En effet, American Beauty est avant tout un drame marquant. Si le film fait preuve d’un certain humour ironique dans ses dialogues, il n’ajoute en réalité qu’à l’aspect cynique et amer du drame. Les personnages, du fait de leur nature archétypale, sont tous rendus pathétiques, et les relations qu’ils entretiennent entre eux sont au mieux malsaines, au pire dangereuses. Le personnage principal est dès le départ présenté comme un perdant, lucide mais pas assumé, qui cherche à comprendre comment sa vie a pu prendre cette direction. Cette interrogation fait démarrer en lui un changement profond, qui le conduira finalement à sa perte. Autour de lui, les autres personnages subiront également une évolution inattendue au cours du film, construisant ainsi le tableau final. L’implosion de cette famille se termine en effet sur un ultime portrait, clôturant l’évolution de chaque personnage, et le film par la même occasion.
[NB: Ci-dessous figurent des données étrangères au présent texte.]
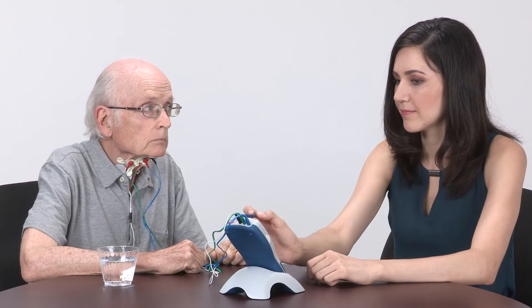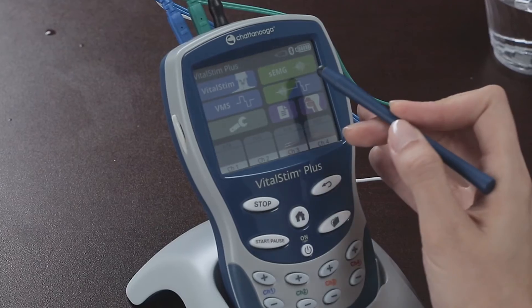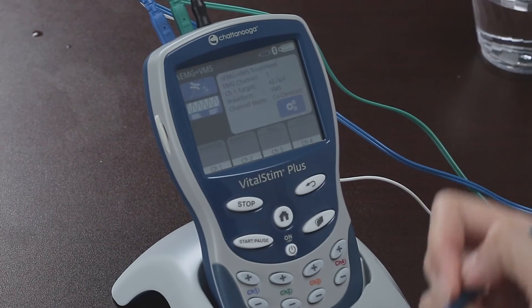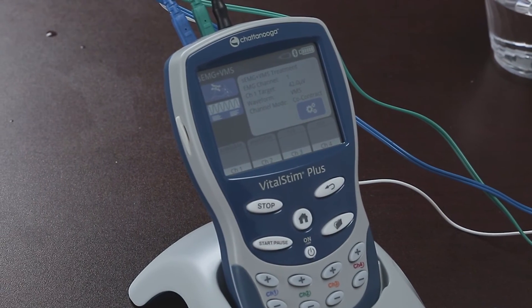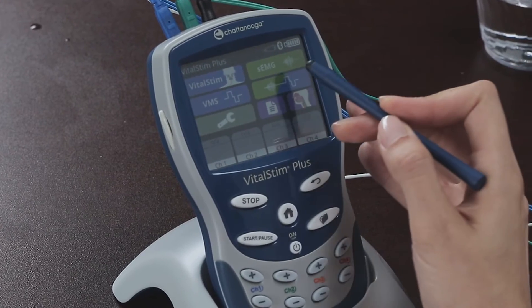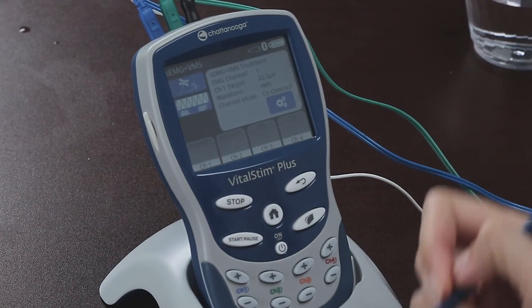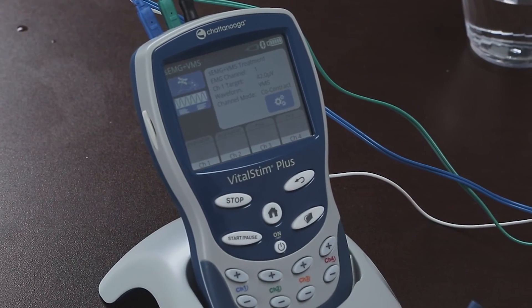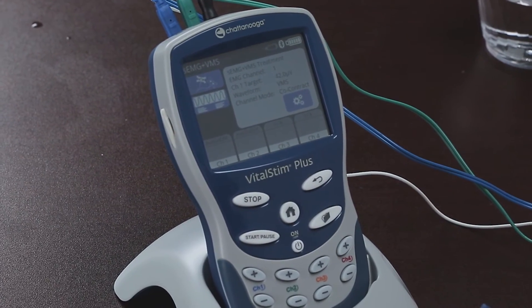Pressing EMG Triggered Stim from the home screen will get us into EMG Triggered Stim mode. In this mode, the patient is encouraged to work like before, but when they reach the threshold, the stimulation will kick in as a reinforcement of the effort. Pressing EMG Triggered Stim brings us to the point where we can set the parameters for both the stim and EMG.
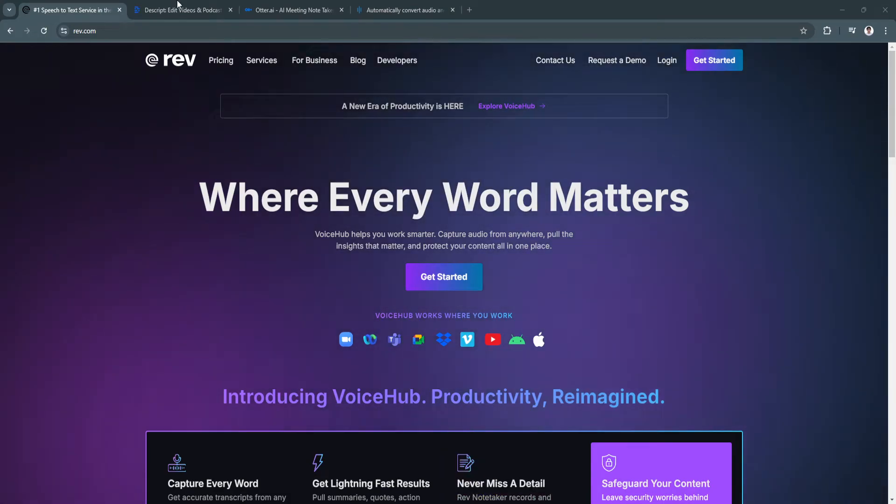In this video, I am going to be showing you the best transcription software in 2024.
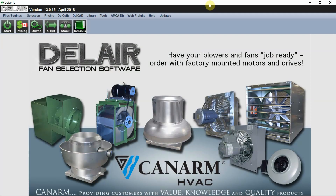Welcome to our Dell Air tutorial. This is the fan selection software for K&R and HVAC products. I'll walk you through some of the key aspects of the software like menu items, selecting a fan and accessories, and generating submittals.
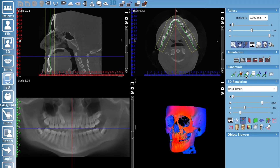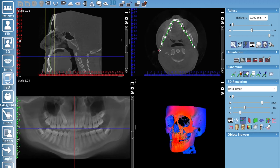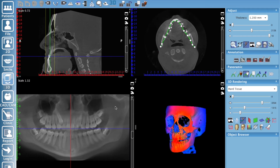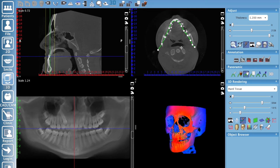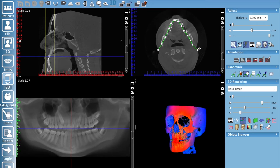You can always hit your edit points and move things around and adjust them. Especially if the software draws a curve that's a little short and you don't see your condyles — you can grab the end point and create the image a little bit larger there as well. So that's one way you can create your panoramic curve.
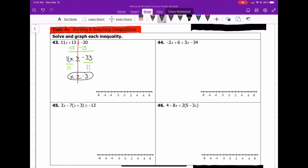Now that we've solved the answer, on our number line we need to put a dot on negative 3, and it's going to be a closed circle because it's equal to. And now we shade in the direction that the arrow says — we're going to shade to the right. Everything greater than any number is always to the right of the number. That symbol gives us a closed circle, and we're going to be shaded to the right.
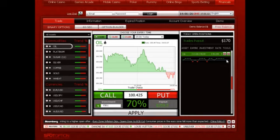If you think you're on the right path, then wait for expiry and watch your profits grow. You can see the price will be below.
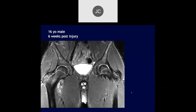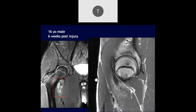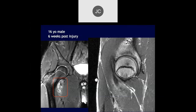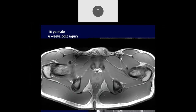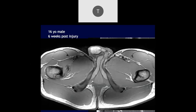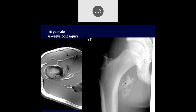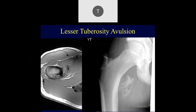16-year-old male, six weeks post-injury. I see edema in the region of the iliopsoas tendon on the right, maybe some iliopsoas bursitis and a traction injury to the greater trochanter as well. On the sagittal image, it looks like the iliopsoas tendon is retracted and balled up right there — I'd be worried about an avulsion. On x-ray: another lesser trochanter avulsion.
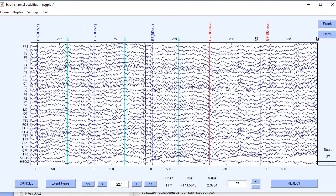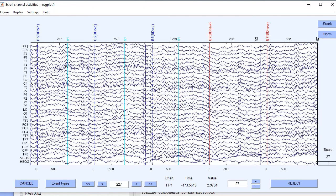Okay, this is some sample data and I've already done a lot of processing on the data. So it's been down sampled to 256 hertz. It's been filtered and it's been epoched, meaning we pull out the individual trials.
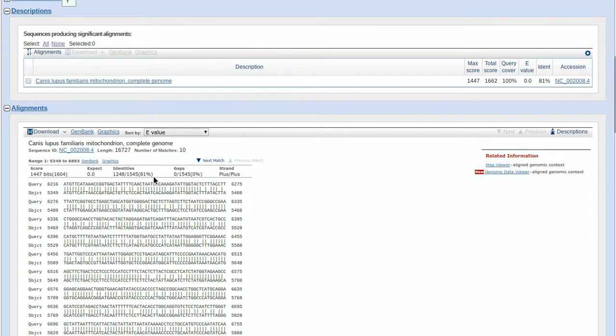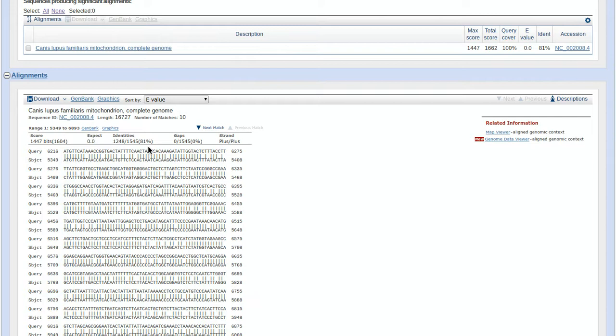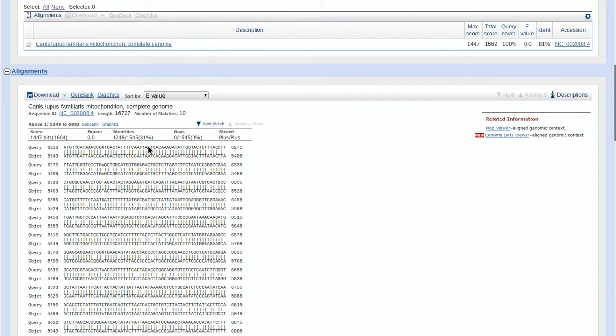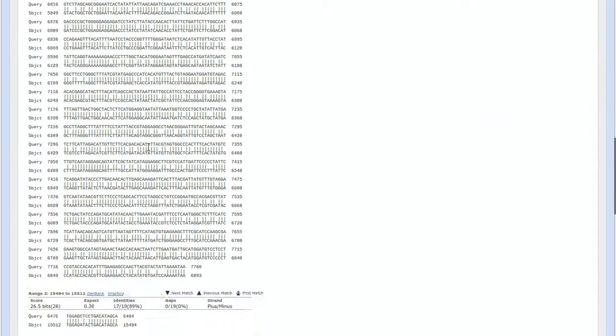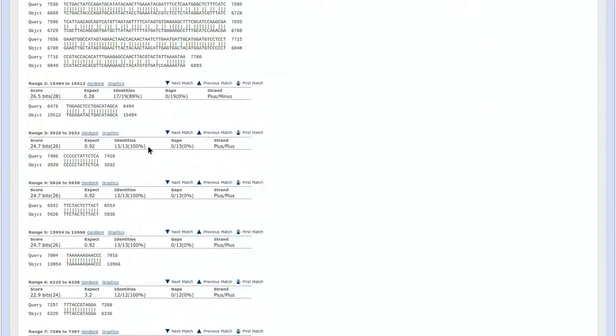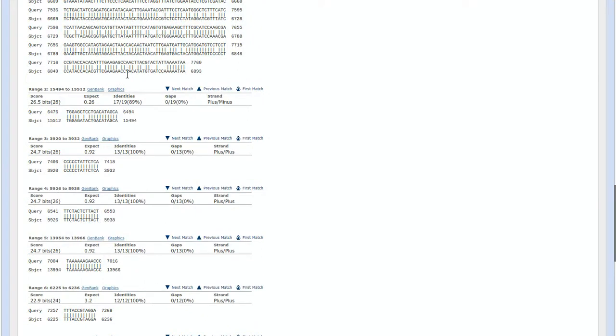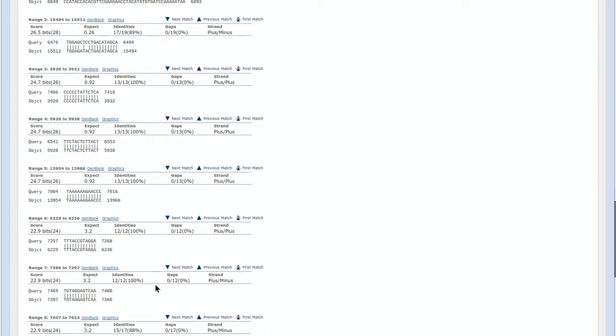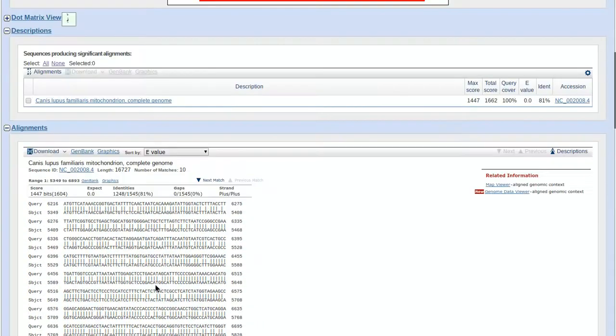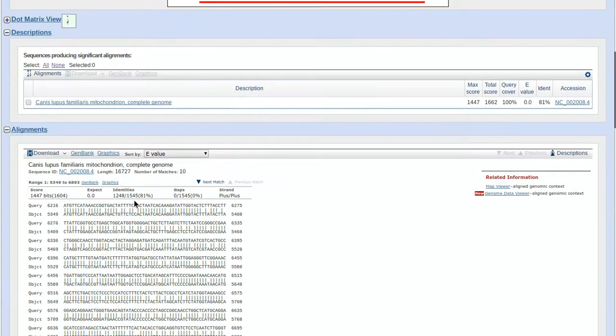So these are them aligned and this tells you the similarity. 81% similarity between cats and dogs. Cool, right? That's all you had to do. This breaks it down into different ranges, but here you go, 81% similarity.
L’aspect dramatique du métrage prend alors l’aspect classique d’une lente chute, conduisant inévitablement à un atterrissage douloureux

 

Mais une analyse philosophique du film présente un cheminement opposé : celui d’un chemin vers la sérénité et le bonheur. Le titre du film prend alors un sens nouveau, et le film se présente sous l’angle d’une réflexion sur la beauté. Le personnage de Ricky apparaît ainsi comme une clé pour cette analyse : il est l’unique personnage qui ne subit pas de changement dans sa façon de voir les choses, puisqu’il a déjà conscience de la beauté du monde. A l’opposé, le responsable du dénouement final, s’il se rend compte de la beauté des choses, ne peut y accéder et a pour toute réponse la destruction. Le personnage principal, au départ cynique et acide, finit par réaliser à la fin du film la beauté de sa vie, qu’il n’avait pas su déceler. Et c’est là le réel message du film, qui, en conclusion d’un drame social, propose une marque d’espoir.

 

Si American Beauty s’inscrit au premier abord comme un drame cynique et déprimant, il se révèle en réalité être une ode à l’espoir, à la beauté des choses.